No. Maurice was undisciplined and would easily talk under threat of torture and incriminate her. She best remain committed to her plan of using Marquis Fabien to rid her of the Duc de Guise. If only she could lure him back to Court. Fie! He had slipped out of France before she could snag him to her cause. And where was he now? Sinking Spanish galleons! Ah yes, she knew.
And perhaps I could offer him “protection”
from the wrath of Spain in return for his cooperation in the elimination
of the Guise plague.

In the lettre, Francoise wept over her poor petit Maurice who was stricken in amour over the belle Mademoiselle Rachelle Macquinet. He had even taken to his sick bed, pining for her presence. Ah, but her son would not eat, nor could all the chère mademoiselles in or out of Court console his woeful heart. She feared her son might waste away to nothing, so aggrieved was he. Therefore it was her prayer that Her Majesty, the bonne Queen Mother, would aid her in solving her dilemma.

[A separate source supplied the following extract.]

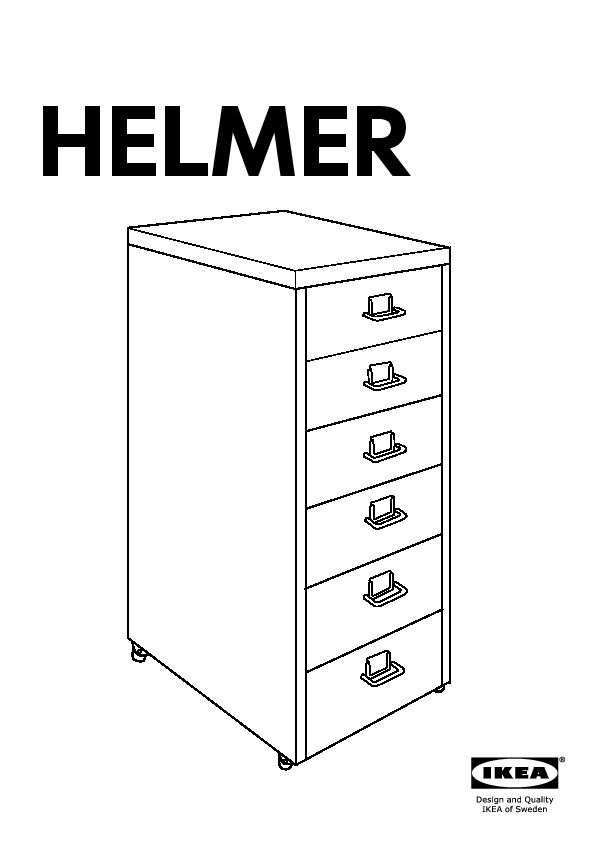 HELMER Drawer unit on casters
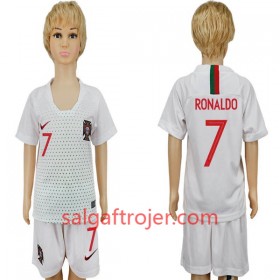 Portugal Fodboldtrøjer RONALDO 7 Børn Udebanesæt VM 2018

The comtesse had first appealed to Princesse Marguerite to recall Mademoiselle Rachelle to Court, but while the princesse had been sympathetic, she affirmed that Rachelle was home with her family at the Château de Silk in mourning over the death of her grandmère and her petite sister. But now, Comtesse Francoise affirmed, Princesse Marguerite was concerned about her wardrobe for the upcoming journey to Spain and was anxious for Rachelle’s return. So would the Queen Mother appoint Comte Maurice to escort Mademoiselle Rachelle to Paris?

Catherine hardened her lips. What effrontery this woman had! She sneered and tossed the lettre aside.